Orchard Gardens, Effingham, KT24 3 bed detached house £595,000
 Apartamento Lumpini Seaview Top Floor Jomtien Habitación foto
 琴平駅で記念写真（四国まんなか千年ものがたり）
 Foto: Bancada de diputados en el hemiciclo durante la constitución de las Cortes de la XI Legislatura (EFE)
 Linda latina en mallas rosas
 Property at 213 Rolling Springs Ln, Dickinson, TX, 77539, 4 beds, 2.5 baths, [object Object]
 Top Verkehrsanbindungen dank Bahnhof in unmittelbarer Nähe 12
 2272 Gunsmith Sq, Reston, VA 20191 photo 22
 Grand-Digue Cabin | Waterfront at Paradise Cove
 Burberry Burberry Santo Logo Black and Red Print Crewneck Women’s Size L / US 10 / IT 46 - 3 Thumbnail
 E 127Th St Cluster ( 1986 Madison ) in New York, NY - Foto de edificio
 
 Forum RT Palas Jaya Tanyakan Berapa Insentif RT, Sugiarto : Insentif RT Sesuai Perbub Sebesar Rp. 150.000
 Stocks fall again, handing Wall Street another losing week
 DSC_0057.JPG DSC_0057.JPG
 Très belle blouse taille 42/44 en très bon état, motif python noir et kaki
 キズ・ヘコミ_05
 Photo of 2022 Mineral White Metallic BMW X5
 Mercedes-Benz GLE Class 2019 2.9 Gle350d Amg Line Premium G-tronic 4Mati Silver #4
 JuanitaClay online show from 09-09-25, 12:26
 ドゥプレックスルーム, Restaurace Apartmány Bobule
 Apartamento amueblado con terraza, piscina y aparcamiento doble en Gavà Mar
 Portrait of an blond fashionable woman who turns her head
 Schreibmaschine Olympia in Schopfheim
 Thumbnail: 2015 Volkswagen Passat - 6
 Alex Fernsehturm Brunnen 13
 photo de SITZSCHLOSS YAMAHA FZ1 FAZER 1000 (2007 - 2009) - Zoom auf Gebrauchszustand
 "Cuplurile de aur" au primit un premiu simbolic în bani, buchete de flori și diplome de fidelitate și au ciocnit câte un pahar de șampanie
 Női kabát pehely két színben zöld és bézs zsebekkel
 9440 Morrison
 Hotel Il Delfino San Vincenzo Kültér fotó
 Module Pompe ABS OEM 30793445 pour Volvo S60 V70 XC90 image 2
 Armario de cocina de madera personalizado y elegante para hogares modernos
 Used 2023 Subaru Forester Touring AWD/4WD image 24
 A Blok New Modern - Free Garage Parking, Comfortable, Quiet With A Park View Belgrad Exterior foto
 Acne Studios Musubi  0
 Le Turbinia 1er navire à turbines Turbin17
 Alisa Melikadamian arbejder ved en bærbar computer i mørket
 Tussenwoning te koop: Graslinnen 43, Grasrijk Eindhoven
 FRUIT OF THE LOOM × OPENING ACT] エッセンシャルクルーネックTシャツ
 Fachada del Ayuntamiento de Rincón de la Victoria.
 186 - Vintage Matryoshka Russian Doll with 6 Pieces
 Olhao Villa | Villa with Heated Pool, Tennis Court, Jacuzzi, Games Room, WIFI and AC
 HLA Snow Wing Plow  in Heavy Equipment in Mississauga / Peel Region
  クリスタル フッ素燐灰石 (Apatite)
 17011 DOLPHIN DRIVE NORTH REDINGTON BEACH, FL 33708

####

* **Your goal**
Restate each record exactly as written.

* **Output for this task**
Orchard Gardens, Effingham, KT24 3 bed detached house £595,000
 Apartamento Lumpini Seaview Top Floor Jomtien Habitación foto
 琴平駅で記念写真（四国まんなか千年ものがたり）
 Foto: Bancada de diputados en el hemiciclo durante la constitución de las Cortes de la XI Legislatura (EFE)
 Linda latina en mallas rosas
 Property at 213 Rolling Springs Ln, Dickinson, TX, 77539, 4 beds, 2.5 baths, [object Object]
 Top Verkehrsanbindungen dank Bahnhof in unmittelbarer Nähe 12
 2272 Gunsmith Sq, Reston, VA 20191 photo 22
 Grand-Digue Cabin | Waterfront at Paradise Cove
 Burberry Burberry Santo Logo Black and Red Print Crewneck Women’s Size L / US 10 / IT 46 - 3 Thumbnail
 E 127Th St Cluster ( 1986 Madison ) in New York, NY - Foto de edificio
 
 Forum RT Palas Jaya Tanyakan Berapa Insentif RT, Sugiarto : Insentif RT Sesuai Perbub Sebesar Rp. 150.000
 Stocks fall again, handing Wall Street another losing week
 DSC_0057.JPG DSC_0057.JPG
 Très belle blouse taille 42/44 en très bon état, motif python noir et kaki
 キズ・ヘコミ_05
 Photo of 2022 Mineral White Metallic BMW X5
 Mercedes-Benz GLE Class 2019 2.9 Gle350d Amg Line Premium G-tronic 4Mati Silver #4
 JuanitaClay online show from 09-09-25, 12:26
 ドゥプレックスルーム, Restaurace Apartmány Bobule
 Apartamento amueblado con terraza, piscina y aparcamiento doble en Gavà Mar
 Portrait of an blond fashionable woman who turns her head
 Schreibmaschine Olympia in Schopfheim
 Thumbnail: 2015 Volkswagen Passat - 6
 Alex Fernsehturm Brunnen 13
 photo de SITZSCHLOSS YAMAHA FZ1 FAZER 1000 (2007 - 2009) - Zoom auf Gebrauchszustand
 "Cuplurile de aur" au primit un premiu simbolic în bani, buchete de flori și diplome de fidelitate și au ciocnit câte un pahar de șampanie
 Női kabát pehely két színben zöld és bézs zsebekkel
 9440 Morrison
 Hotel Il Delfino San Vincenzo Kültér fotó
 Module Pompe ABS OEM 30793445 pour Volvo S60 V70 XC90 image 2
 Armario de cocina de madera personalizado y elegante para hogares modernos
 Used 2023 Subaru Forester Touring AWD/4WD image 24
 A Blok New Modern - Free Garage Parking, Comfortable, Quiet With A Park View Belgrad Exterior foto
 Acne Studios Musubi  0
 Le Turbinia 1er navire à turbines Turbin17
 Alisa Melikadamian arbejder ved en bærbar computer i mørket
 Tussenwoning te koop: Graslinnen 43, Grasrijk Eindhoven
 FRUIT OF THE LOOM × OPENING ACT] エッセンシャルクルーネックTシャツ
 Fachada del Ayuntamiento de Rincón de la Victoria.
 186 - Vintage Matryoshka Russian Doll with 6 Pieces
 Olhao Villa | Villa with Heated Pool, Tennis Court, Jacuzzi, Games Room, WIFI and AC
 HLA Snow Wing Plow  in Heavy Equipment in Mississauga / Peel Region
  クリスタル フッ素燐灰石 (Apatite)
 17011 DOLPHIN DRIVE NORTH REDINGTON BEACH, FL 33708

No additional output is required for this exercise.